I also found out this week that, much to my surprise, the partners at work decided to promote me to manager as of January 1. I was surprised because I had previously been told I would not be eligible this year because they want five years experience and I only have four and a half. I'm excited, though somewhat intimated, by the challenge. I've been trying to tell myself that such feelings are natural - I find I do my best work when I have a healthy respect for the potential difficulties of the task at hand.

A somewhat-unexpected response to the news.

The day after I was informed of the promotion, the partners informed the rest of the department. The evening in between Colin took me to the mall - I wanted a nice shirt or sweater to wear to the announcement. Somehow, the fun search for a simple shirt ended with me in a dressing room at Ann Taylor, beset by two women bringing me all manner of suits, dress shoes and trendy, high-belted satin shirts. Colin came around the corner of the dressing room to find me, all dressed up in $400 worth of fanciness, in a state of utter panic.

"Can we please leave now?!?"

In that moment I was completely overwhelmed by what this new position might mean. Did it really mean I needed fancy, high-heeled shoes and suits? Did I need to change my approach to work and appearance and life? I'm a casual person by nature, flat shoes, comfy sweaters, no makeup and no hair 'style'. And I like that part of me. I always do my best to look professional but within those very specific guidelines - professional, and yet comfortable. Something about seeing myself in the mirror all dolled up in business professional dress made me worry that this might not be such a positive change after all.

We left the mall and immediately drove to Target where I bought a $7 shirt, $17 shoes and a $10 purse, all of which looked like me and worked perfectly for the big luncheon and all the shaking of hands and excited chatter that followed it.

The dressing room experience helped remind me - it's all what I make of the change that matters. In the end, I have to take this new position and make it my own and do it in my own way. I will continue to be professional in appearance, in my own comfortable way. Who I am got me promoted - so hopefully that same person can help me succeed once it happens.

In reward, a long-awaited treat, and a slight rebellion of sorts.

I'm not sure if it was entirely driven by the promotion and the dressing room episode but I finally made up my mind to do something I've long contemplated. Colin was so glad that "after five years of talking about it" I finally found a local place with a good reputation and high standards, and we went yesterday.


It is, after all, very small and I would imagine that 99% of the people who meet me will not have any idea it is even there. But I love it and it speaks to me because it signifies a return to myself and of honoring who I am, work position notwithstanding. I battle sometimes between who I am during the week and who I am in my head and this was a nice way of making sure both are getting equal representation.

Beyond that, the continuation of just a simple life.

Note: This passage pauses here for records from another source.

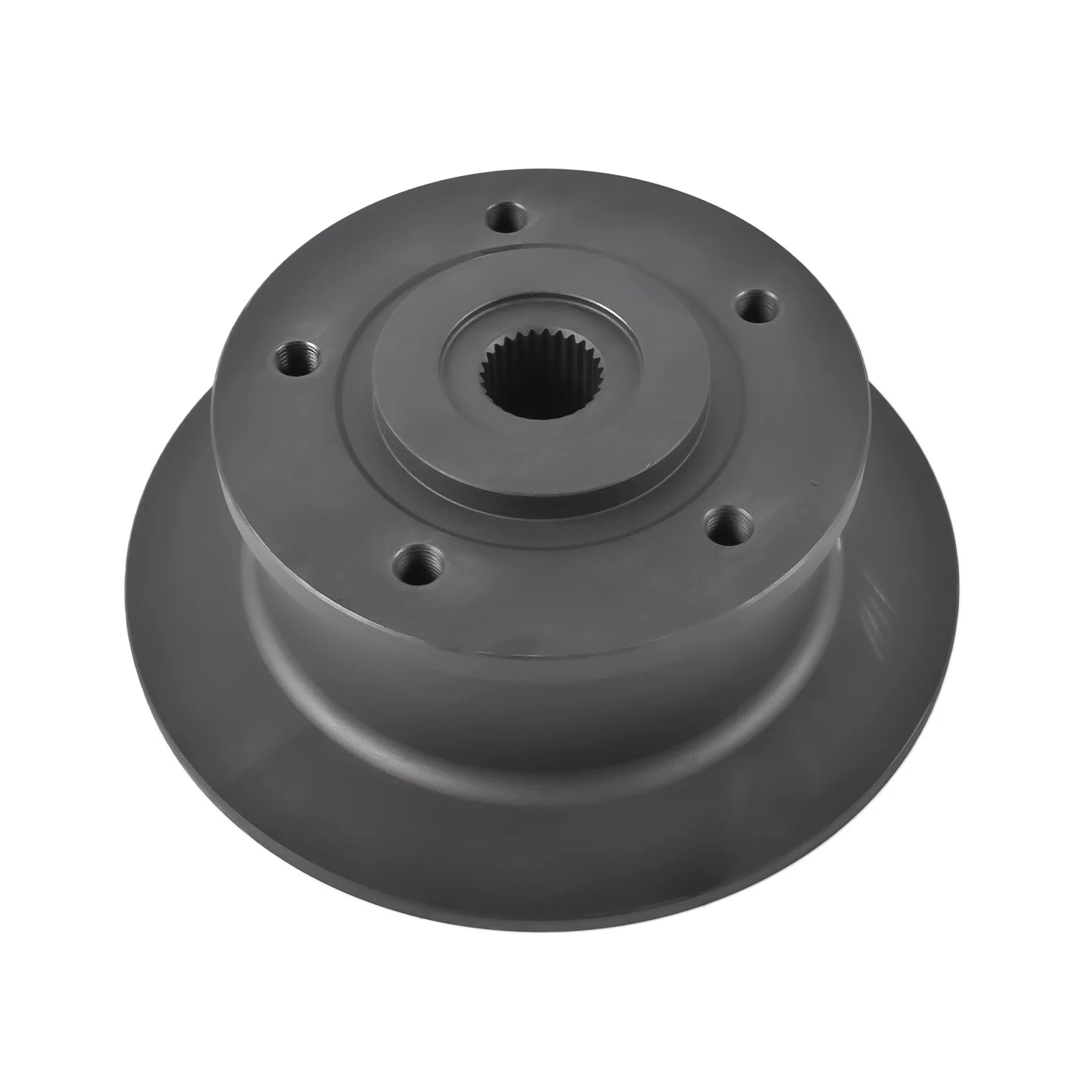 

AP01 Disc Brake Rotor for John Deere XUV620I XUV625i XUV825E XUV825i XUV865R Gator M164365 M162263 M158242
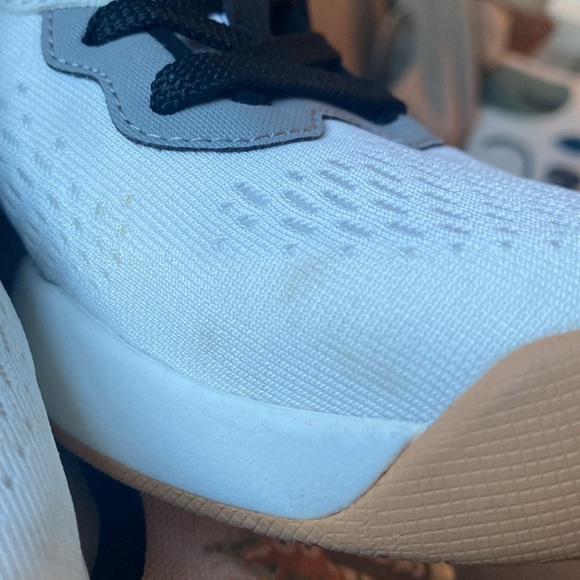 TYR CYX-1 Training Shoes - Picture 10 of 12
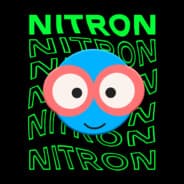 Nitron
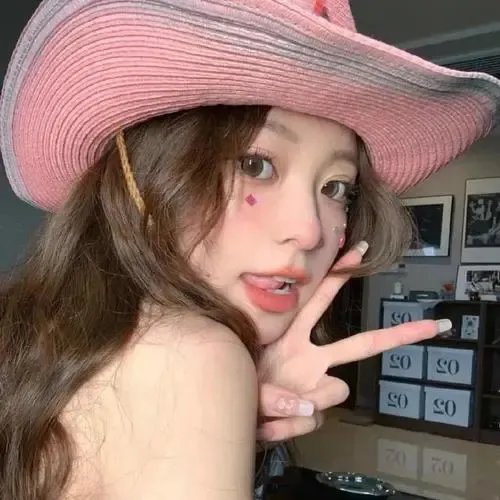 十年明月照我还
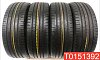Continental ContiPremiumContact 5 195/55 R16 87H 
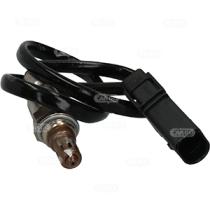 CARGO 182474 - LAMBDA SENSOR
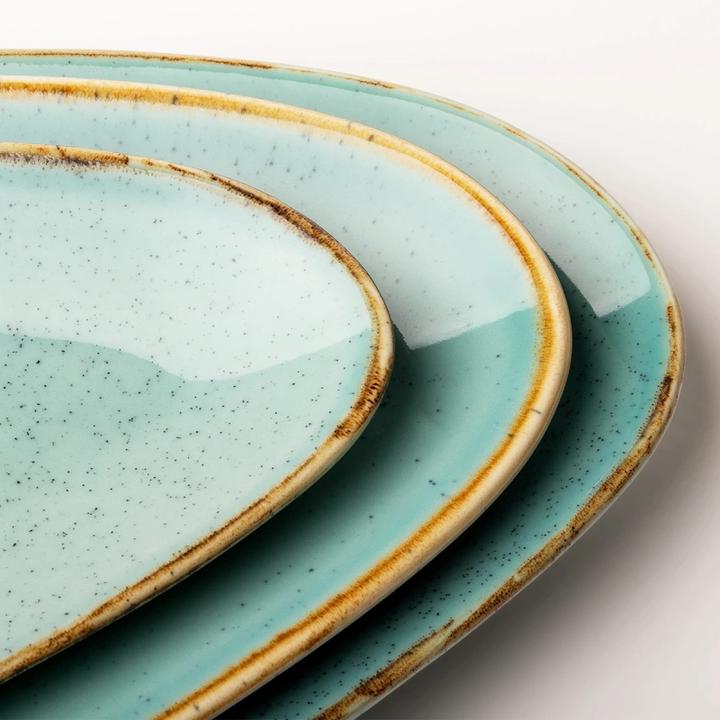 Immagine prodotto Lunasol Gaya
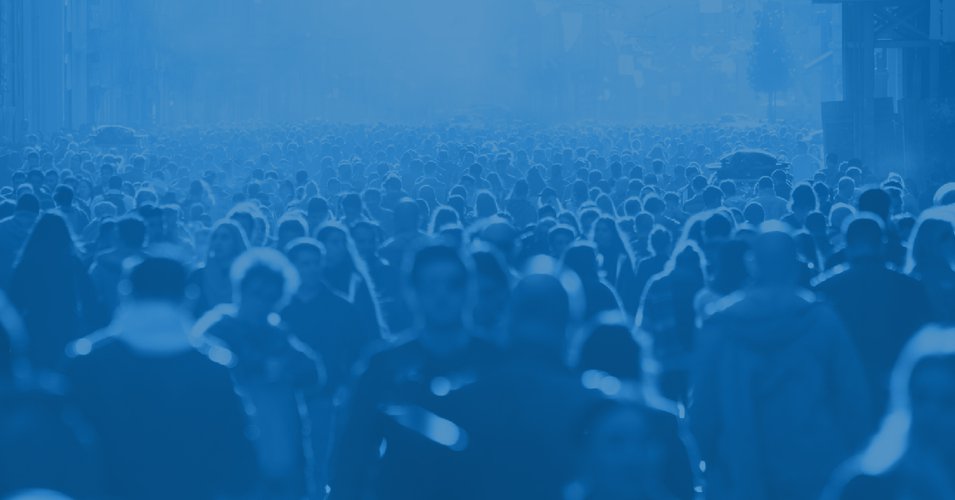 Seedstars and FDFA champion migrant human rights through entrepreneurship prize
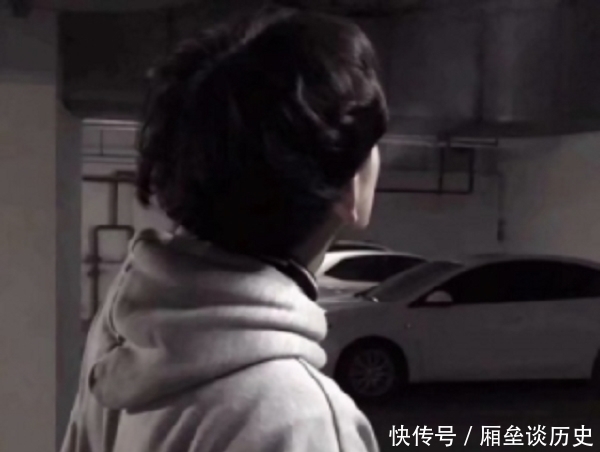 这3种脸型的女生，换掉“齐刘海”后，让男生为之“尖叫”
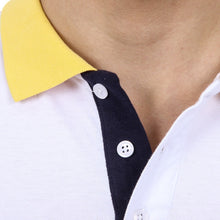 White S Ufford & Suffolk Polo Club Mens Polo Short Sleeves US009 WHITE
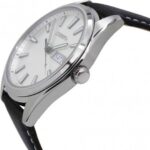 Seiko 40.5mm Nam SUR447P1 - Ảnh 2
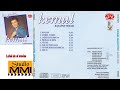 Kemal Malovcic i Juzni Vetar -  Lazes da si srecna (Audio 1986)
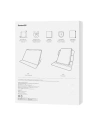 Kup Mágneses tok Baseus Minimalista Apple iPad 10.9 2022 (10. generáció) (szürke) - BSU4021 - {ean13} - Sklep Home Screen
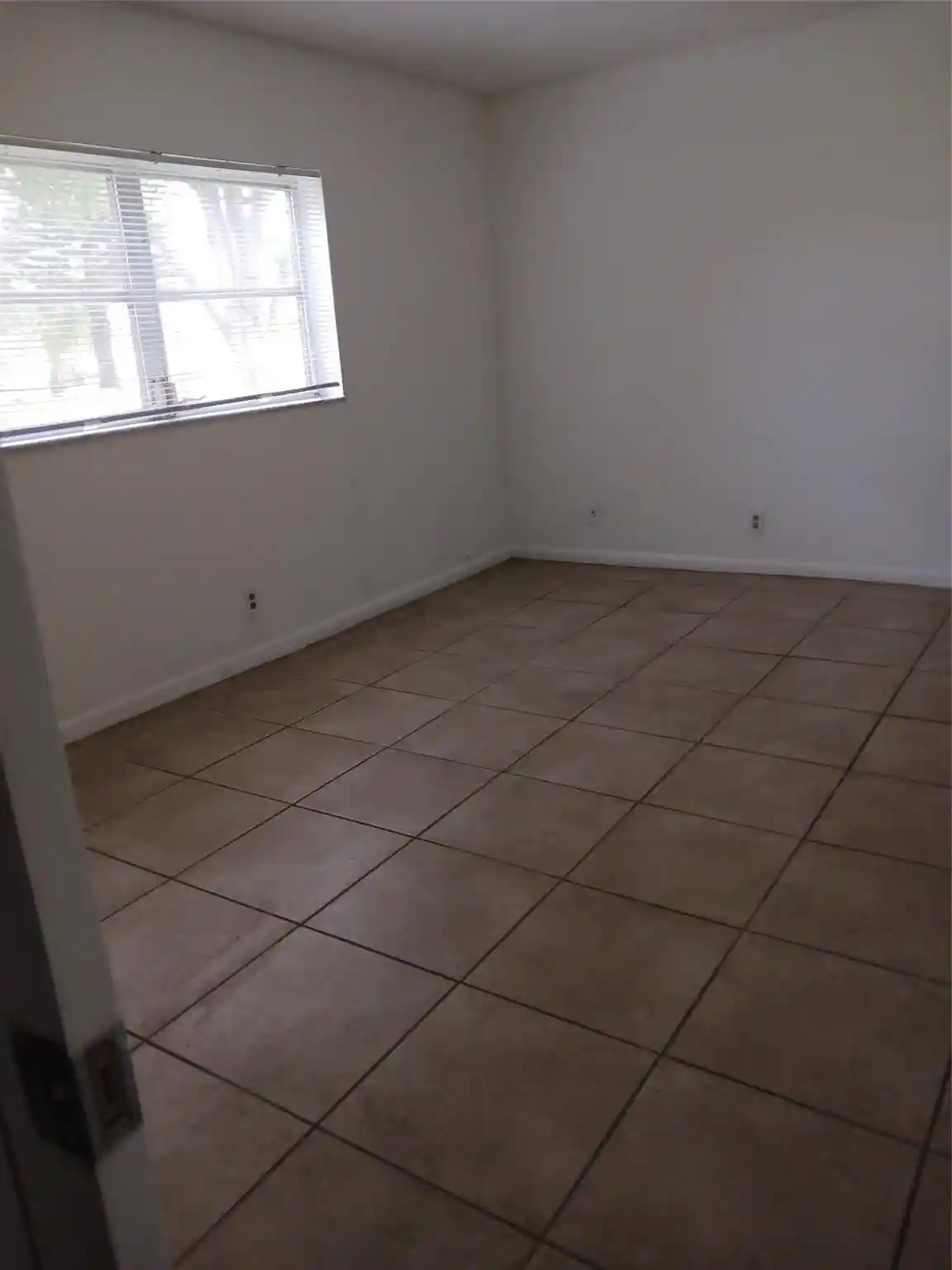 Condo for sale at 7605 W Atlantic Blvd #106, Margate, FL 33063 | MLS# F10433282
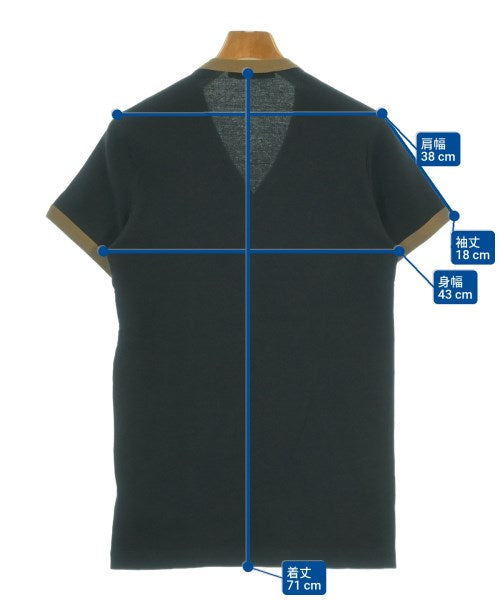 DOLCE&GABBANA T恤/上衣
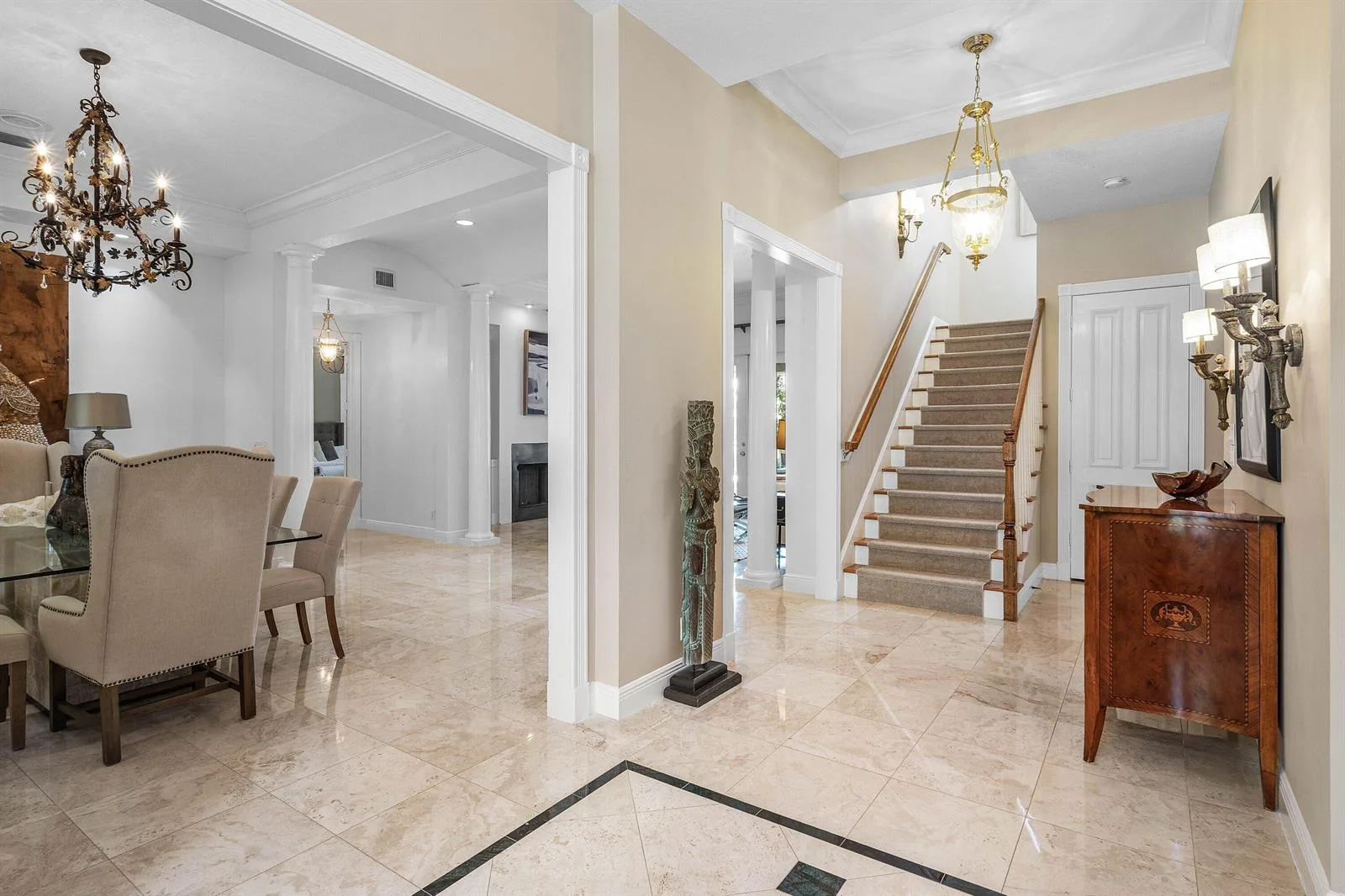 2 Firestone Circle, West Palm Beach, FL 33401 photo 6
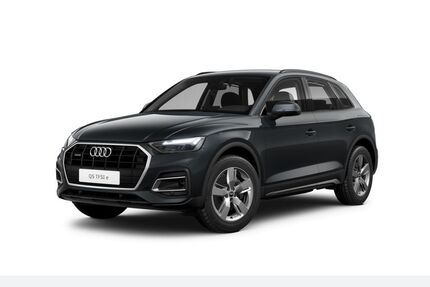 Audi Q5 19.648 km 44.390 &euro; Bochum 44809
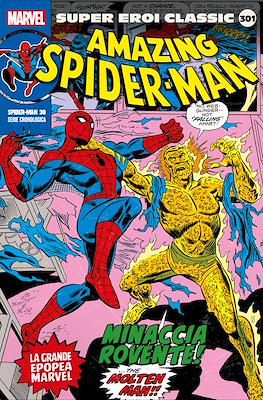 Super Eroi Classic #301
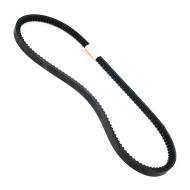 AVX-13X920-PCS-MS - V-BELT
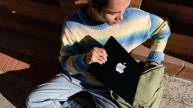 Apple's nEW Mac Book Air Leaked Details
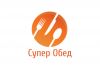 Готовые обеды. Доставка. Нужны заказы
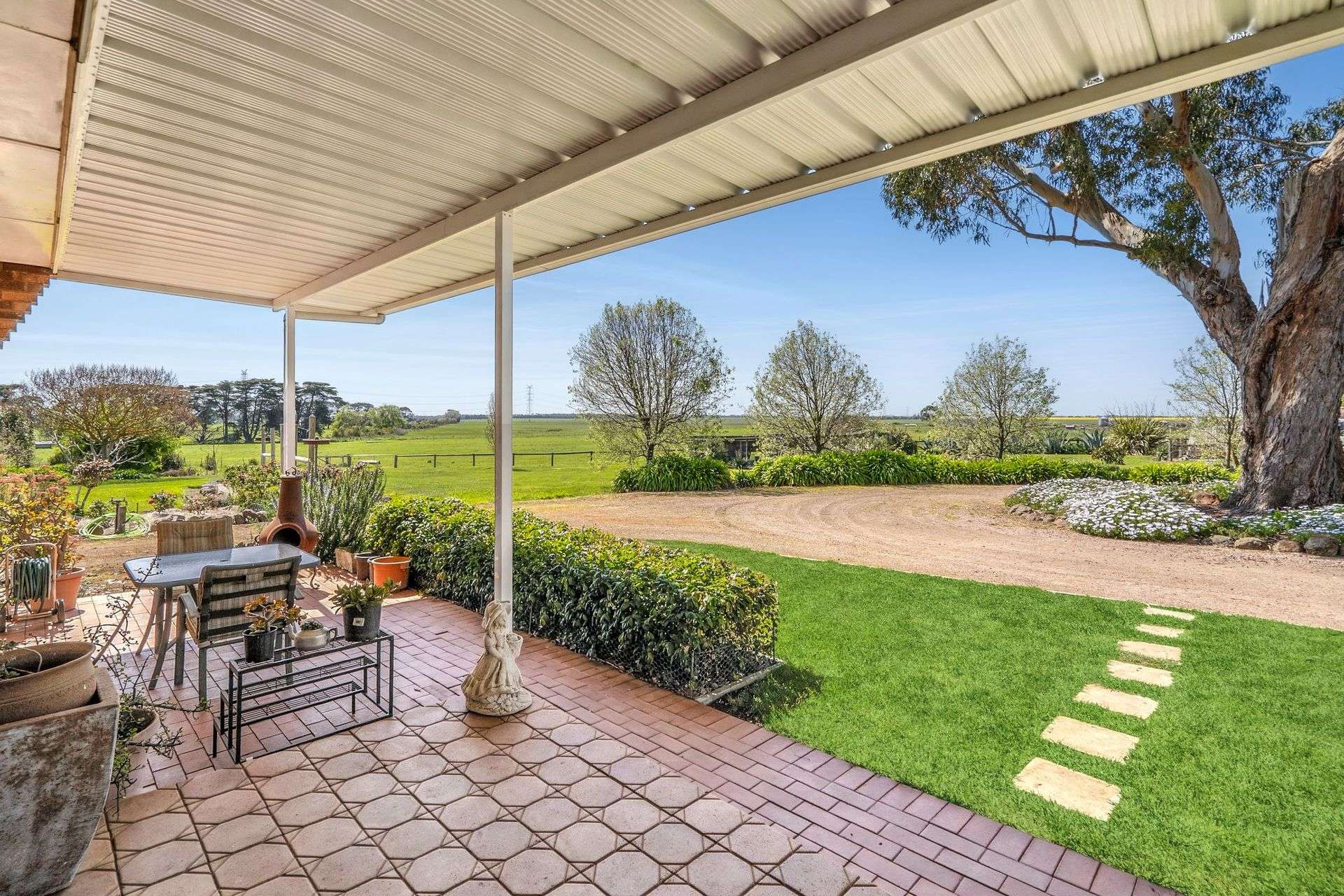 416 Mortlake-Ararat Road, Mortlake For Sale by Farmbuy.com - image 13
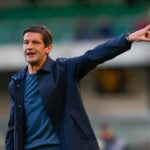 chivu a inceput sesiunea de shopping la inter ia un atacant de 78 de milioane de euro 684fc20914424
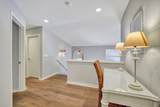 12 Sandhill Crane Road - Photo 45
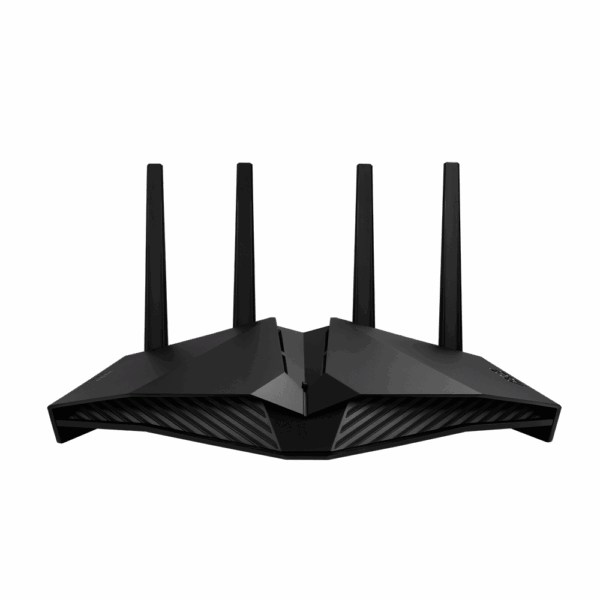 ASUS RT-AX82U-V2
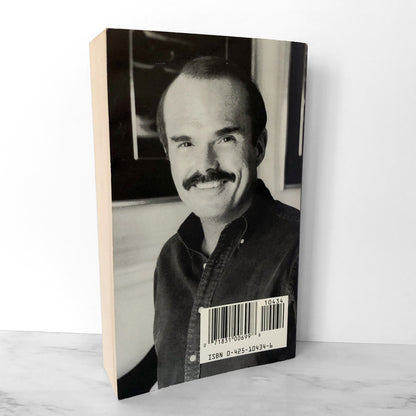 Darkfall by Dean Koontz [1984 PAPERBACK]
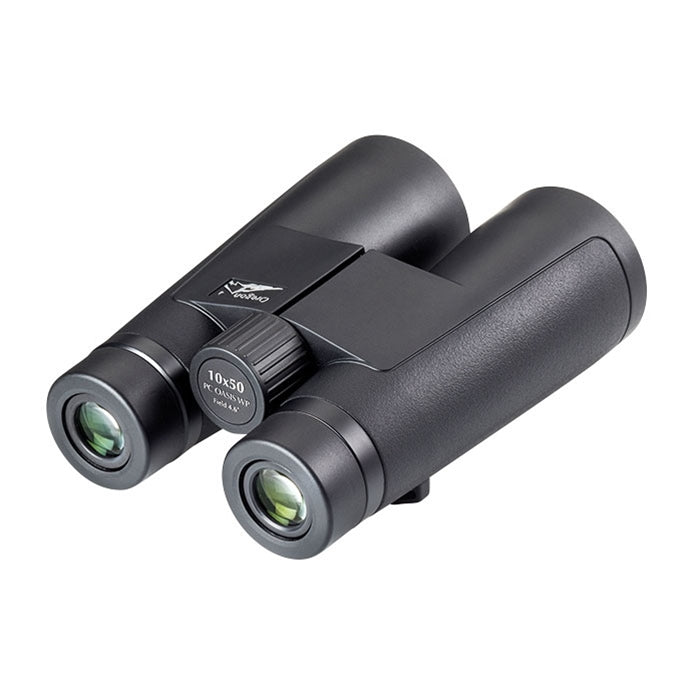 Opticron Oregon 4 PC Oasis Binoculars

Not much else is new. Colin's late classes and my overtime have kept us busy and we get home, collapse on the couch and talk in hushed voices about wayward staffers and forgetful professors while our house slowly gets messier and our four-legged babies beg for attention. My running has taken a back seat to other duties and I must now renew my efforts at a more determined pace in order to ready myself for the marathon relay. I have also been doing a terrible job at cooking new recipes and I've realized this weekend that I should be using Colin's late classes as the chance it is to try out recipes I know he would refuse to eat.

There's always something to work on.